A Bay Roskill Vikings and Richmond Rovers junior, Lousi was educated at St Paul's College in Auckland. He played for the New Zealand Warriors Toyota Cup squad, being part of their grand final winning squads in 2010 and 2011. He finished his Toyota Cup career with 43 games and 11 tries.

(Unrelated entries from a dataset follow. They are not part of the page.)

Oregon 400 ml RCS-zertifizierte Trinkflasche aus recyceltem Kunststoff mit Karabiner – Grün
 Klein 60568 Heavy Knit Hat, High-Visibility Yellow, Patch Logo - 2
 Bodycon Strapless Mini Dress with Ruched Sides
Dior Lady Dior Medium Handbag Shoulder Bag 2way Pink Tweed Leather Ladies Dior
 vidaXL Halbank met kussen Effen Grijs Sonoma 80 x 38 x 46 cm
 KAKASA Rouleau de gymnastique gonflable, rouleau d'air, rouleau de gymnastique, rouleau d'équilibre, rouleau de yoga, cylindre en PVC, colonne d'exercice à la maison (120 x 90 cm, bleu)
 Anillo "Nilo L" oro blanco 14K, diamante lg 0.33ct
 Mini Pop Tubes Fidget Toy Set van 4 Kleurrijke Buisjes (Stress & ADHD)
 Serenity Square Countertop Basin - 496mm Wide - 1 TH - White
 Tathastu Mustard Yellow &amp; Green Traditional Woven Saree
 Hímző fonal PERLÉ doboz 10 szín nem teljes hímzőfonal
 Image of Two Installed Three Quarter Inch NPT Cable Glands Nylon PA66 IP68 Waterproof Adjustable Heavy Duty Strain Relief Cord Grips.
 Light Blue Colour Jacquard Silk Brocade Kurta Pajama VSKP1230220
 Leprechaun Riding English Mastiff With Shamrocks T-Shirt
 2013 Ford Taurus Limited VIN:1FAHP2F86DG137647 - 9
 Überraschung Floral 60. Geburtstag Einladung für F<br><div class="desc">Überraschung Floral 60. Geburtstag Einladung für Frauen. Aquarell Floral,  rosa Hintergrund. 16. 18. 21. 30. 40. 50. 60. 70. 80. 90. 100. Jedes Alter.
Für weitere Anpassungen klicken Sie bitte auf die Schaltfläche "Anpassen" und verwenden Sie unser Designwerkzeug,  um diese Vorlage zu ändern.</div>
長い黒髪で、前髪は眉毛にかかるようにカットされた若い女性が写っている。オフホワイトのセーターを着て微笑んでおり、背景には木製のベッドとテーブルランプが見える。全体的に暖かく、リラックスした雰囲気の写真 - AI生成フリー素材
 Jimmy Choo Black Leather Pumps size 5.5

Lousi represented the Junior Kiwis rugby league team in 2010 and 2011.

== Club career ==
=== Rugby league ===
Lousi signed with Warriors until the end of the 2013 season and was the tallest and heaviest player in the squad. He spent the 2012 season playing for the Auckland Vulcans in the NSW Cup before making his National Rugby League debut in round 20 as a last minute replacement for Steve Rapira, who suffered an injury in pre-match warm ups. Lousi had played a game for the Vulcans earlier in the day.

=== Rugby union ===
Lousi signed with the NSW Waratahs for the 2015 season but, after gaining four caps, he suffered a shoulder injury which ended his Super Rugby campaign. He joined the New South Wales Country Eagles team in the National Rugby Championship for the 2015 season. In 2016, he joined Sydney club Southern Districts. In 2019, he agreed to join Scarlets. In that same year he was selected to play for Tonga in the Rugby World Cup in Japan. Lousi was named the Scarlets' fans and players' player of the year in the 2021–22 season. He signed a contract extension with the Scarlets in April 2024.